NORMAN — It would be easy enough to fixate on the strange-bedfellow politics — Harry Reid and Ted Cruz on the same side — and lose track of the substantive argument.
In short, it’s this: If the U.S. military’s system for rooting out sexual assault in the ranks and prosecuting the accused were working, we wouldn’t need to find a better way.
It’s not, and we do. One bit of evidence is from a report released in the spring revealing that incidents of sexual assault in the military continue to increase at alarming rates, reaching an estimated 26,000 last year. Of that number, only about 3,000 led to a formal complaint.

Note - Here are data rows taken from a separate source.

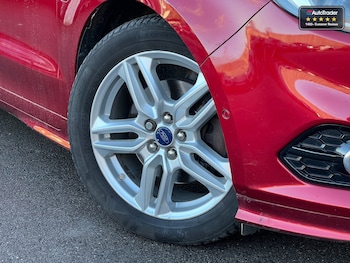 Used Ford S-Max 2016 for sale - 77296678: Photo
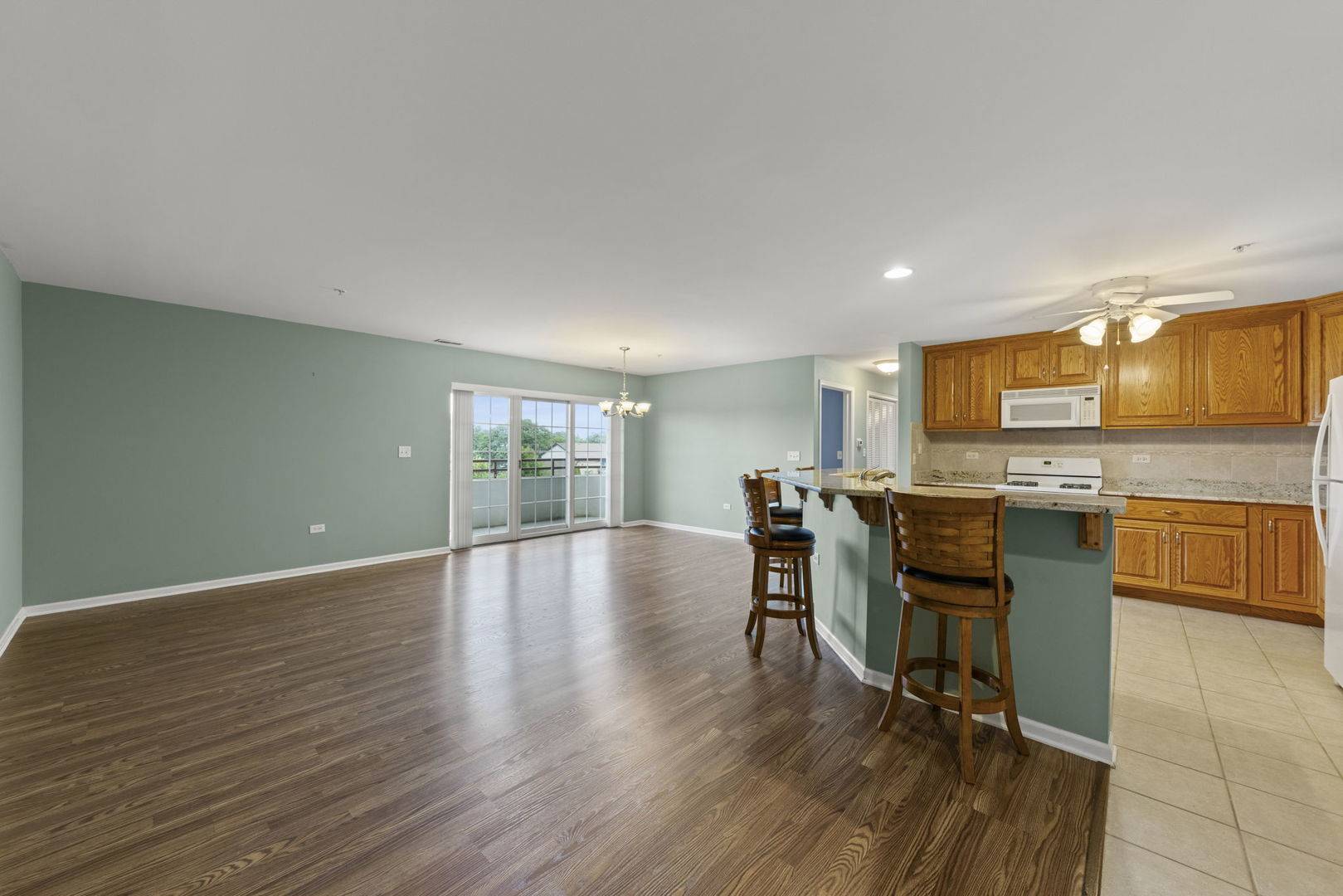 710 W 63rd ST #203, Westmont, IL 60559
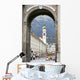 Innsbruck Wall Mural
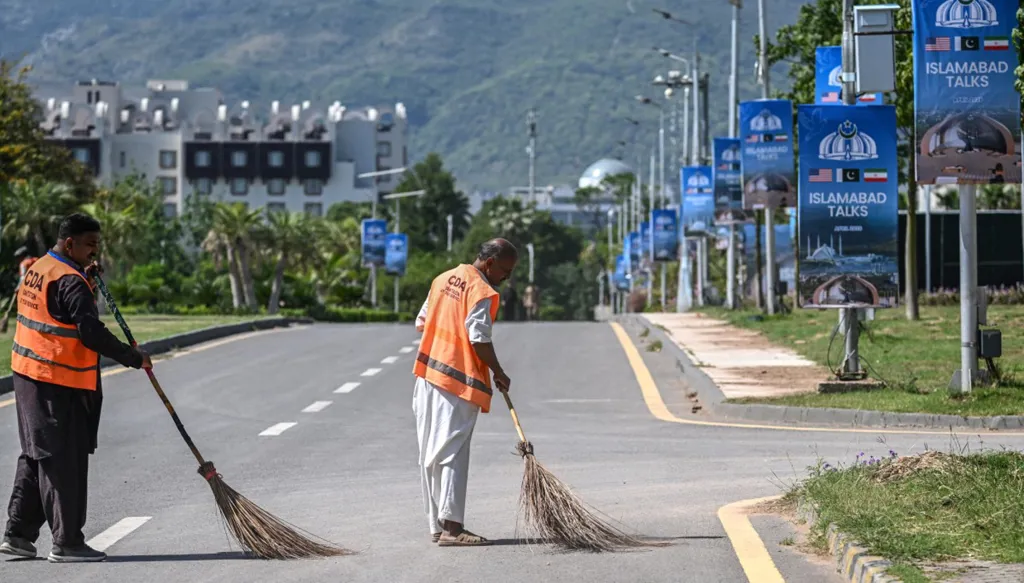 أين أصبحت هدنة إيران؟ هذا ما نعرفه حتى الآن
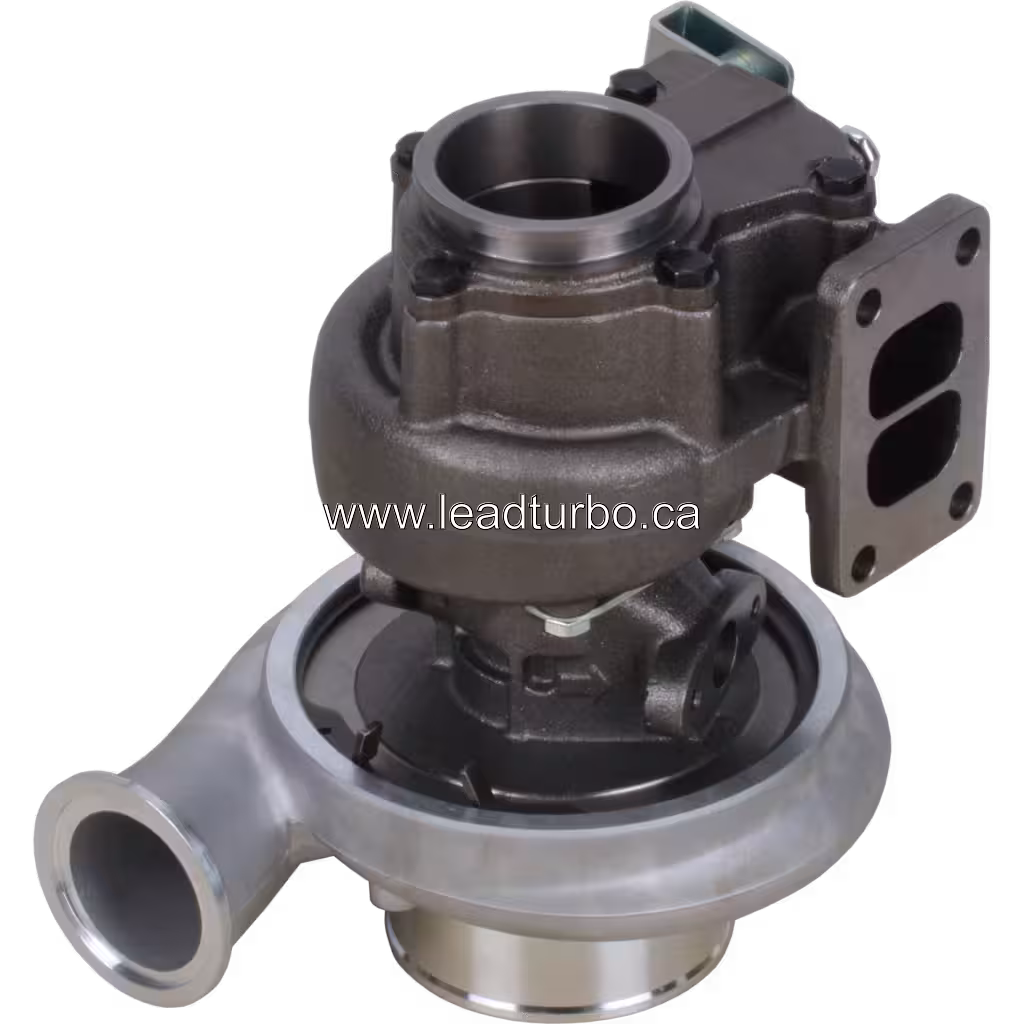 Turbocompresseur Komatsu GD405 PC200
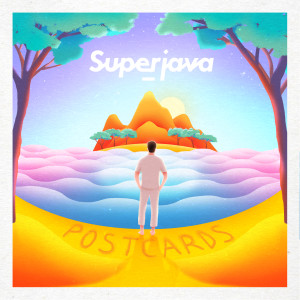Album Postcards from Superjava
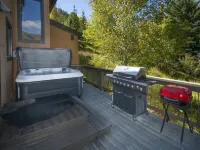 814 Eagle Dr. 4 Bedroom Home by RedAwning Hotels in Eagle-Vail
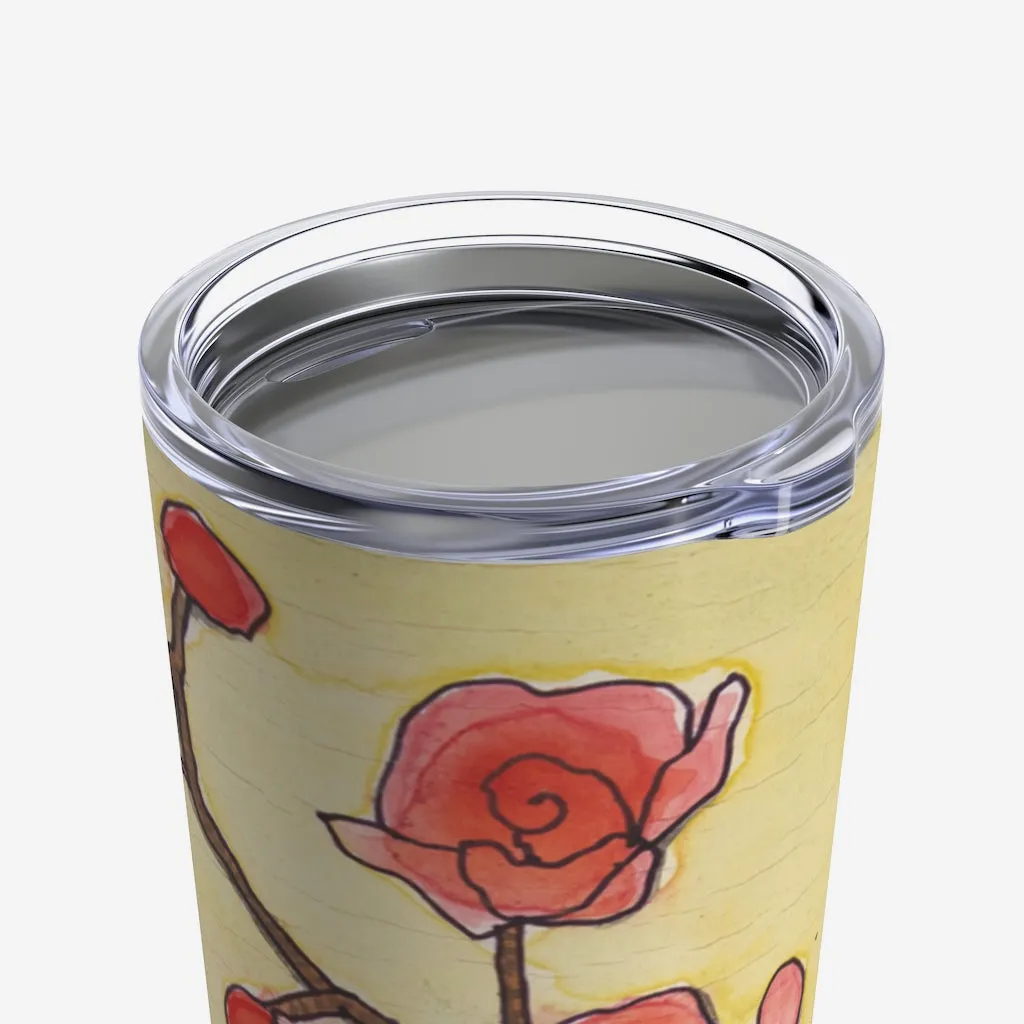 Soft and Tender Tumbler 20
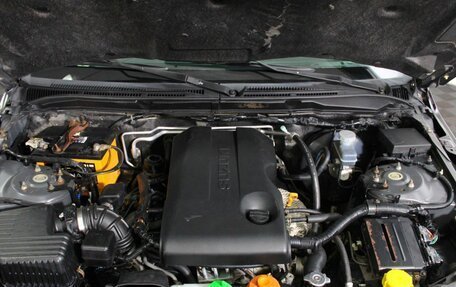 Suzuki Grand Vitara, 2008 год, 845 000 рублей, 23 фотография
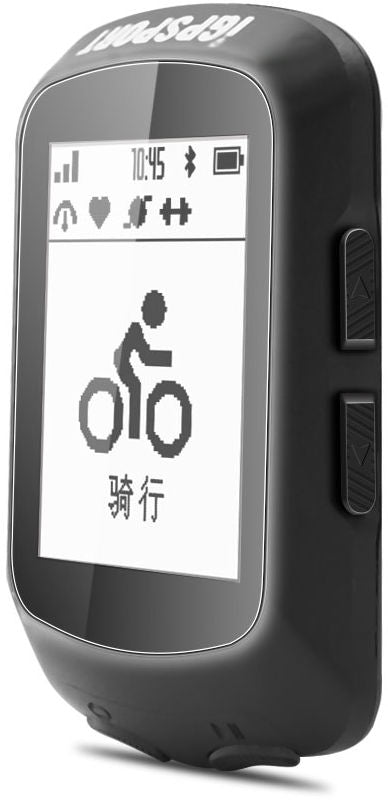 Igpsport Fietscomputer Navigatie iGPSPORT iGS520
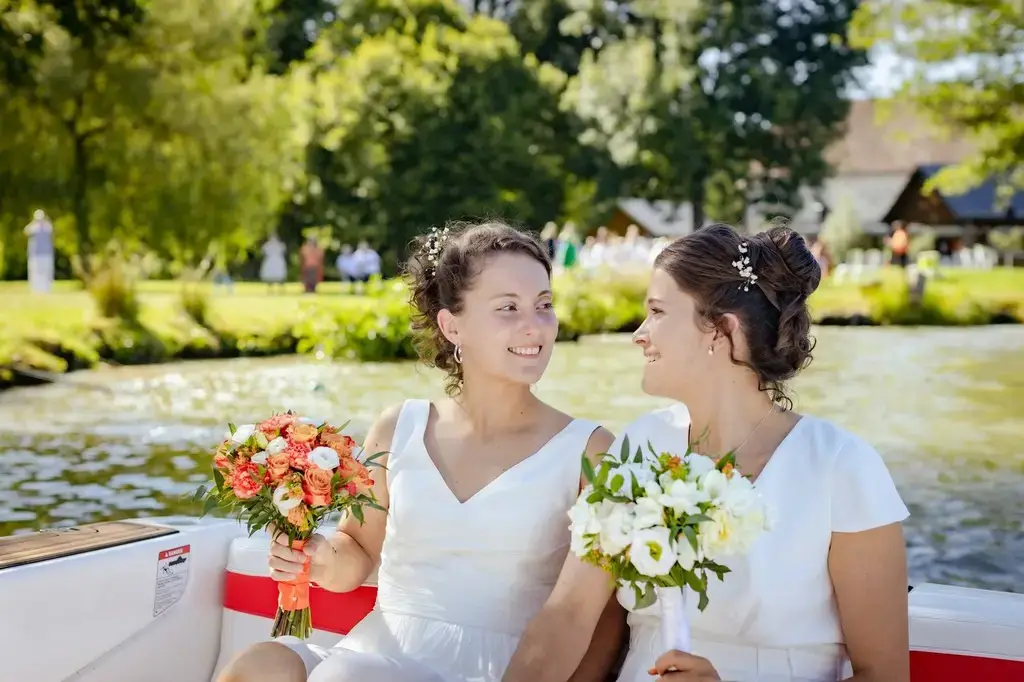 Marine & Anaïs photo 1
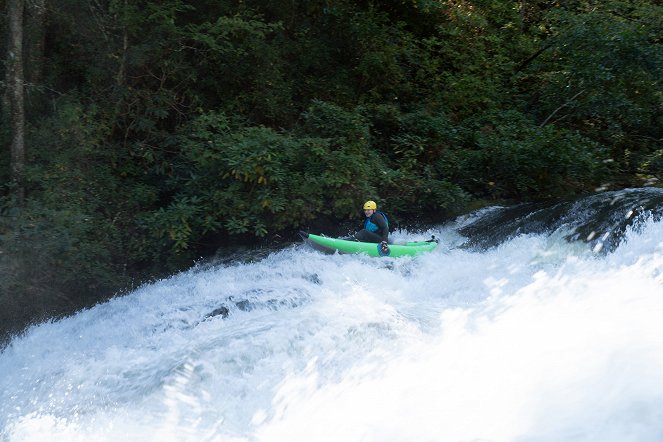 Gordon Ramsay: Uncharted - The Great Smoky Mountains - Photos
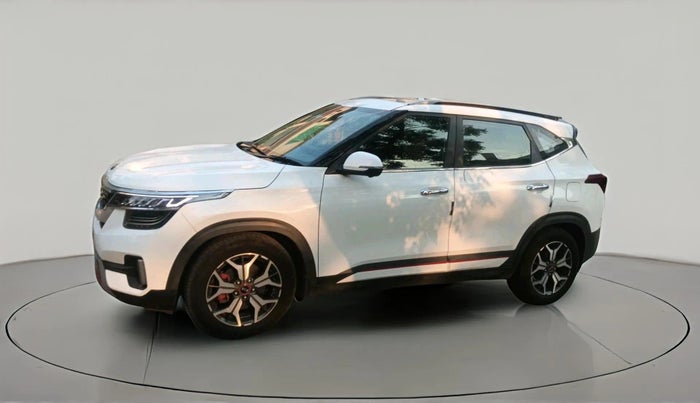 2021 KIA SELTOS GTX PLUS AT 1.5 DIESEL, Diesel, Automatic, 99,859 km, exterior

Before you ask, the question isn’t whether the U.S. has the world’s best-trained and best-equipped military, with a proud tradition of dedicated service and remarkable achievement. This is not in doubt.
The questions are whether that military, on its own, has done enough to stem the rising sexual assault numbers and whether prosecutors, rather than commanders, should decide which cases to pursue. Given the evidence, made worse by some high-profile cases involving officers who should know better, the logical answer comes from Sen. Kirsten Gillibrand, D-N.Y.
Her measure, an amendment to a defense bill, would shift the power from rank-and-file commanders to prosecutors, military lawyers trained to evaluate and handle sexual assault cases. This independent military justice system is what Reid, the Senate majority leader, announced he was supporting this week. Months earlier, two prominent conservative Republicans, Cruz and Kentucky’s Rand Paul, lent their support to Gillibrand, one of the Senate’s more liberal Democrats.
Gillibrand’s effort, in fact, has split both party caucuses. She claims 50 on-the-record supporters, with others privately backing her, but concedes she’s still short of the 60 she would need to avert a filibuster.